> [EXERCISE] As the answer, return precisely the lines from the one containing "50 Kronur 1976 Iceland" to the final line of the material below, inclusive, and omit every picture.

> [PROVIDED DATA]

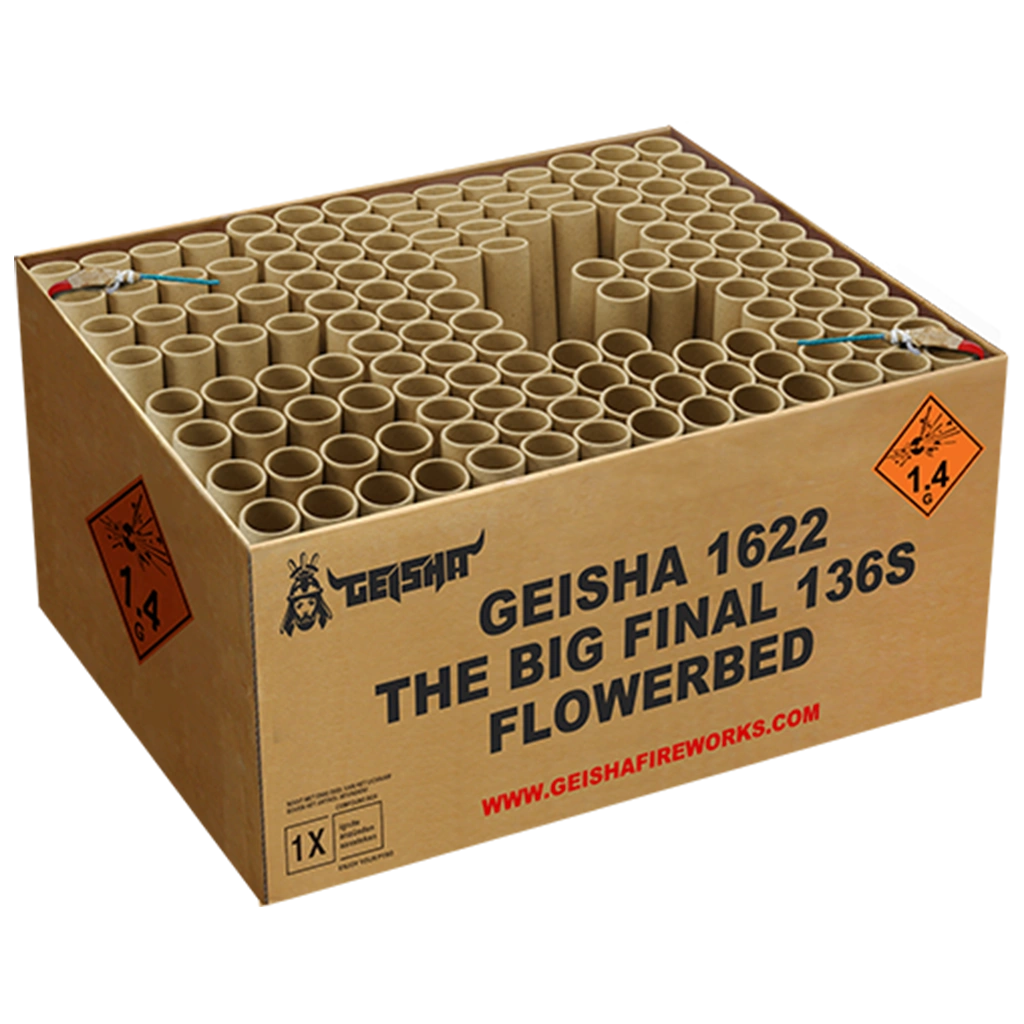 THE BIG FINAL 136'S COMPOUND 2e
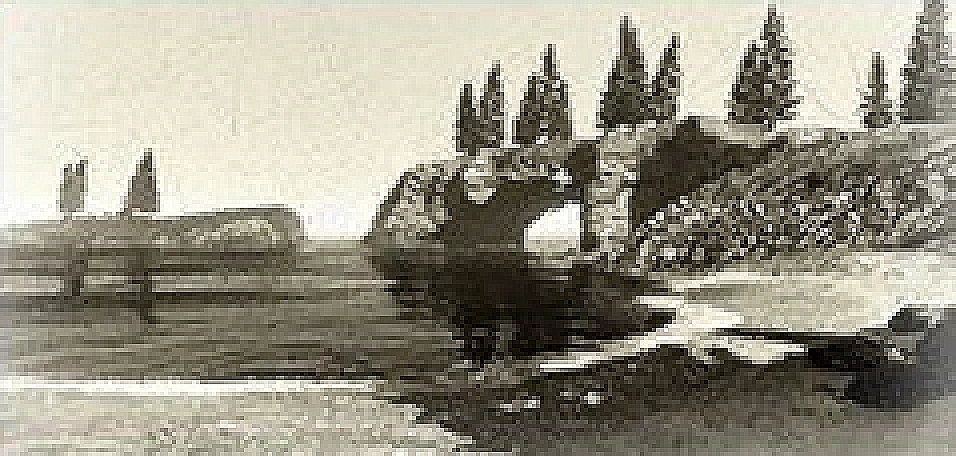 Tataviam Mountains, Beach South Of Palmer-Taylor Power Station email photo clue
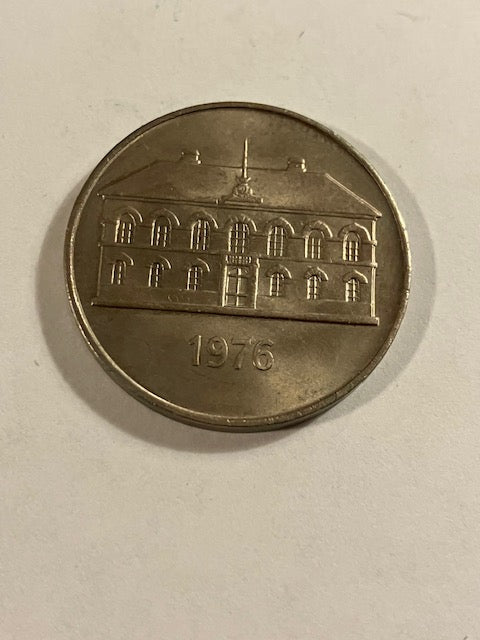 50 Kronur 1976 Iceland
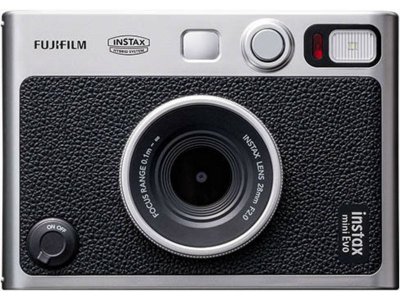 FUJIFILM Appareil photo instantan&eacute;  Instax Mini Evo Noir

> [YOUR RESPONSE]
 50 Kronur 1976 Iceland
 FUJIFILM Appareil photo instantan&eacute;  Instax Mini Evo Noir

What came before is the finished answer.